Chabad’s large bonfire was still burning in Ramat Aviv Tuesday morning. Yet even after city inspectors arrived and only remains were left of the bonfire, the greater fire started in the neighborhood by the Chabad-Lubavitch movement had not been extinguished, and it will not be extinguished soon.
This fire was not started wisely and it has instigated a cultural war in Ramat Aviv; by now, it is difficult to control the flames.
Yael Mishali wrote about the “campaign to remove the Orthodox from a secular neighborhood,” and immediately she discerned the scent of racism, while resorting to the doomsday weapon while criticizing secular residents: “This didn’t exactly give off a scent of the unconditional love, pluralism, and tolerance that northern Tel Aviv boasts on regular days.” In other words, you wanted pluralism? Well, now you’re screwed. Oh, and also there’s this matter about the northern Tel Aviv stigma. After all, we are allowed to be stigmatized, obviously.
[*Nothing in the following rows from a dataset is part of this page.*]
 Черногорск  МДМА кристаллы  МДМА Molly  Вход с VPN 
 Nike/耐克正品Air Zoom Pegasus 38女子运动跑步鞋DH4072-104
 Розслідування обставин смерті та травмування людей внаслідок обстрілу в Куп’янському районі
When such sentiments are directed at seculars, that’s not racist.
So to set the record straight, the neighborhood in question is not the upscale Ramat Aviv Gimel (not that they should be stigmatized either.) It is a neighborhood of small apartments populated by middle class resident. You will not find jeeps, Filipino nannies, or luxurious penthouses here.
Chabad’s sweet talk is a Trojan horse that serves to hide a thuggish move. This is what’s happening at this time: Ramat Aviv faces the advanced phases of a planned and deliberate takeover by the Chabad-Lubavitch Hasidic movement. Only a blind person would fail to see that. Many apartments are being rented on the orders of rabbis, Orthodox families move in, post a “Chabad House” sign on their door, and their neighbors’ lives immediately turn into a hell of noise at all hours of day and night.
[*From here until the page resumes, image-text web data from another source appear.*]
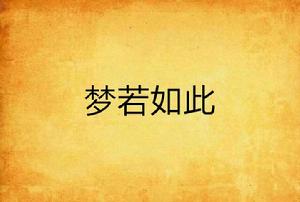夢若如此 夢若如此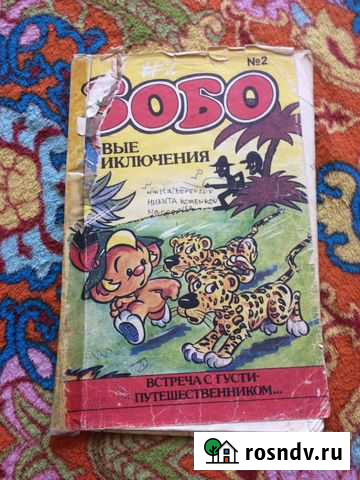 Комикс бобо Владивосток - изображение 1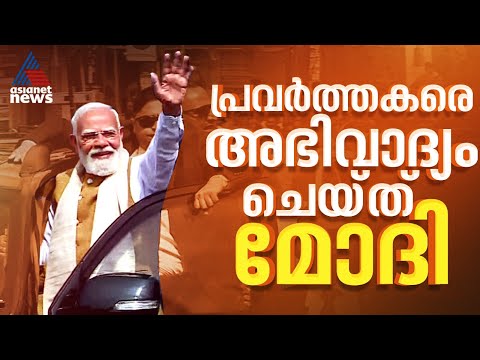 തലസ്ഥാനത്തെ ഇളക്കി മറിച്ച് മോദിയുടെ റോഡ് ഷോ, പുഷ്പവൃഷ്ടിയോടെ വരവേറ്റ് പ്രവർത്തകർ | Narendra Modi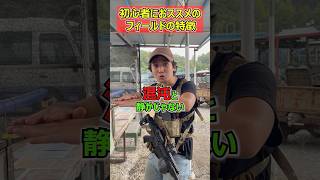 【サバゲ初心者におススメフィールドの特徴　アッキー編】 玩具　サバゲー　サバゲ　サバイバルゲーム　shooting #コント #サバゲー #airsoft
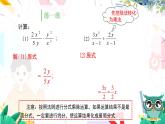 湘教版數(shù)學(xué)八年級(jí)上冊(cè) 1.2.1分式的乘除 PPT課件
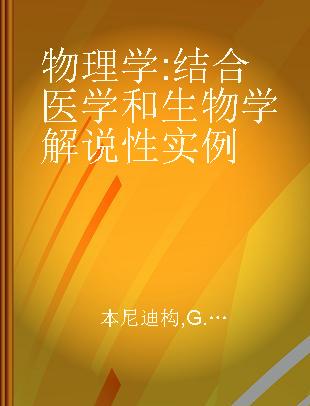 物理学 结合医学和生物学解说性实例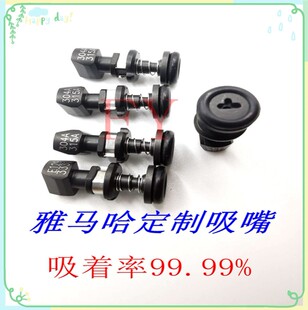 YAMAHA贴片机吸嘴定做YV100XG YS异形特制吸咀打灯吸嘴打排插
This isn’t toleranceMeanwhile, Orthodox kindergartens are replacing our social institutes; what used to be a pensioners’ club, a movie theater, a kindergarten, and a camp for new immigrants. All this is done without a permit, by the way. Meanwhile, Chabad’s kindergarten hired a young teacher who in the past was probed on allegations of neglecting a baby; is this what they mean when they talk about “a little Yiddishkite?”
Other things we got as part of this takeover include the following: A neighbor who asked the Orthodox kindergarten to control the noise level was locked in there for four hours. Meanwhile, children are given alcohol at the Shuster Center at night: Cheers! What’s wrong with that? A little Yiddishkite-vodka. Young children are tempted to enter the yeshiva, and more than one resident has already reported hearing “Shabbes” yells on Shabbat.
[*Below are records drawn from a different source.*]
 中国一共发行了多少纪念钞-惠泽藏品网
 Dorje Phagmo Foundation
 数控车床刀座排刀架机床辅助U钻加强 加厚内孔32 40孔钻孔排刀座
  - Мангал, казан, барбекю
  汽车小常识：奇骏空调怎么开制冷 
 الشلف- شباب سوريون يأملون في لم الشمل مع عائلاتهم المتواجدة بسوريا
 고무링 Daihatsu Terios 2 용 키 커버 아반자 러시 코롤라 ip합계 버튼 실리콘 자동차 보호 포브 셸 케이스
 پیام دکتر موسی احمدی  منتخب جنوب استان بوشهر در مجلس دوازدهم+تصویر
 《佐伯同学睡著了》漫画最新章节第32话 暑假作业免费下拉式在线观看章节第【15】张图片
Thuggery will not enjoy the spirit of tolerance and it must not pretend to come under the umbrella of pluralism. Attempt to sign a Mizrahi kid to an Orthodox Ashkenazi kindergarten, or to bring an Ethiopian girl into a religious school and ask that she not be given special break times so that she doesn’t interact with pure Ashkenazi girls – and after you do that, you can preach to us about pluralism and racism.
With all due respect (and quite frankly, there isn’t much respect left at this stage,) Rabbi Ginsberg is lying and misleading. They do not intend, as Mishali’s article claimed, to open educational institutions to accommodate their children; otherwise, why are buses from Bnei Braq traveling here every day? They come here (and are paid to do so!) in order to fill these educational institutions with children who are not local residents and with substance that neighborhood residents have no need for. They are coming in order to deliberately change Ramat Aviv’s character.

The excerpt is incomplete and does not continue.